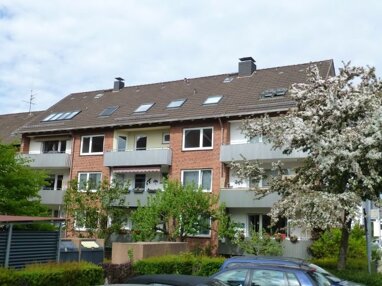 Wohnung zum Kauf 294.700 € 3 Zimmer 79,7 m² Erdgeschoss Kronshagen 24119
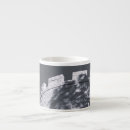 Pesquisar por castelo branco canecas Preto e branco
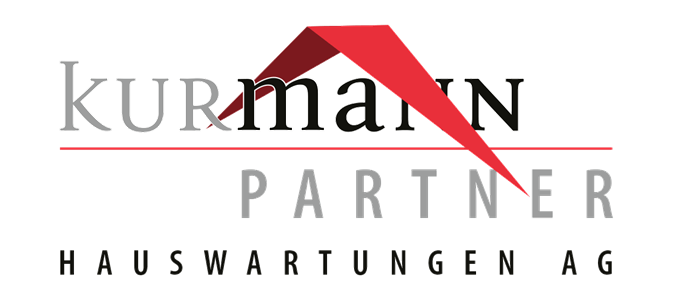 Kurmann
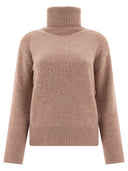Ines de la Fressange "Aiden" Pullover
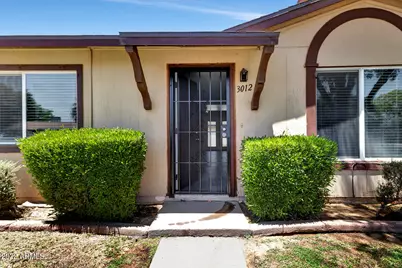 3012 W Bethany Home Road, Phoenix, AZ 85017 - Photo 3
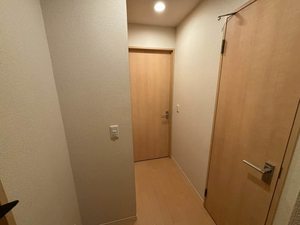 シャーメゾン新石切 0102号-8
* * *
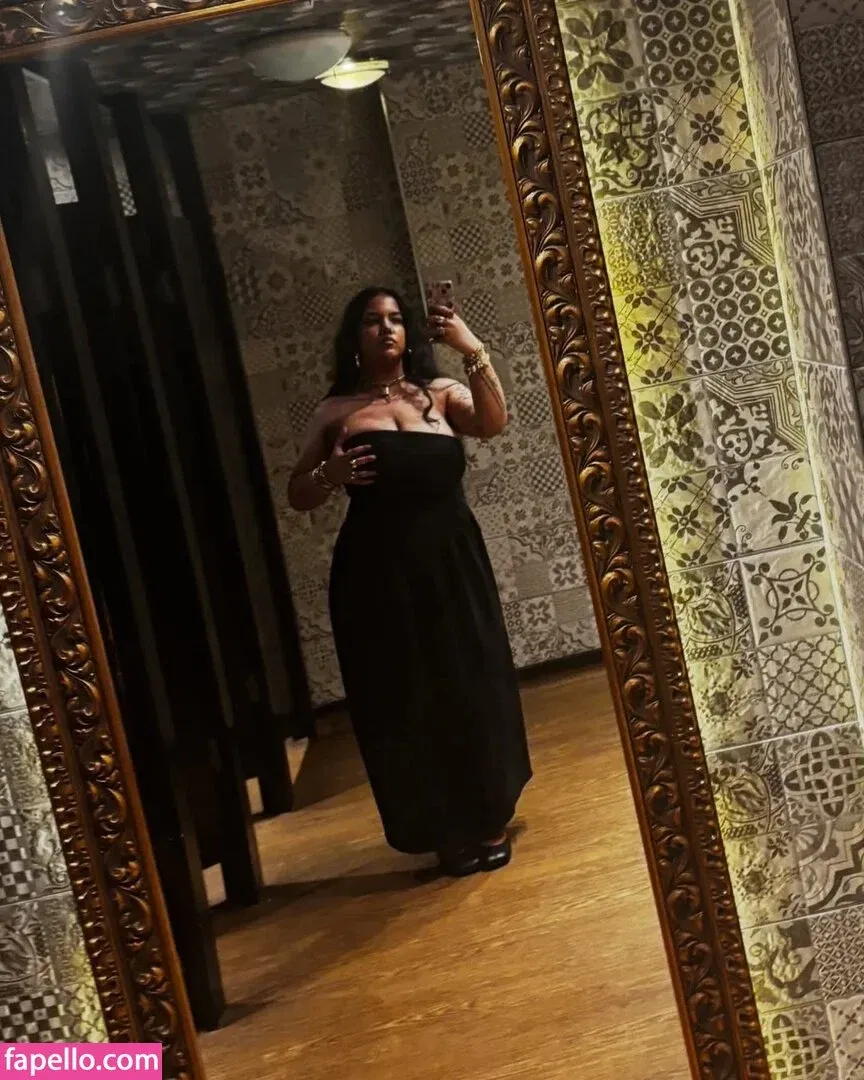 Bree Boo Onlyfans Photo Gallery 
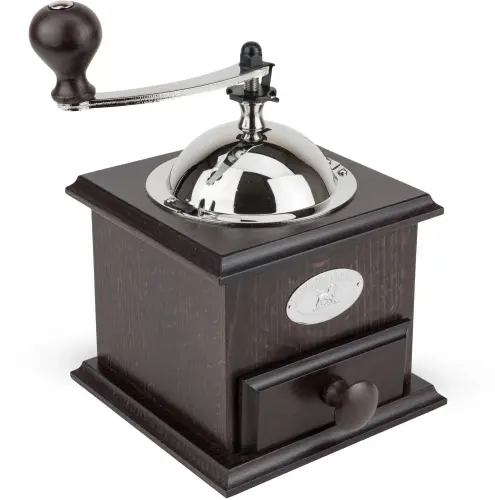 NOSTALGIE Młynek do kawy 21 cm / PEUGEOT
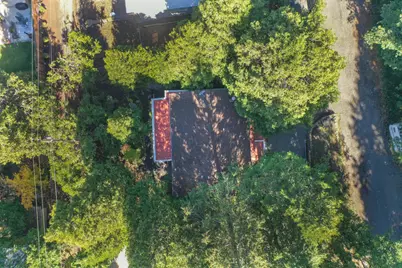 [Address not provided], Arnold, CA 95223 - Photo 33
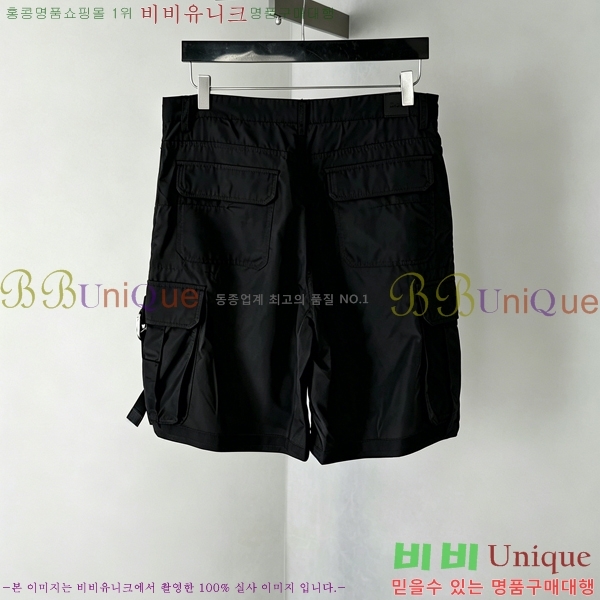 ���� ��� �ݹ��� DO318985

◆ What the exercise asks
Drop the pictures; return the lines above from the line containing "Ines de la Fressange" to the line containing "シャーメゾン新石切 0102号-8", both included, exactly.

◆ Written answer
Ines de la Fressange "Aiden" Pullover
 3012 W Bethany Home Road, Phoenix, AZ 85017 - Photo 3
 シャーメゾン新石切 0102号-8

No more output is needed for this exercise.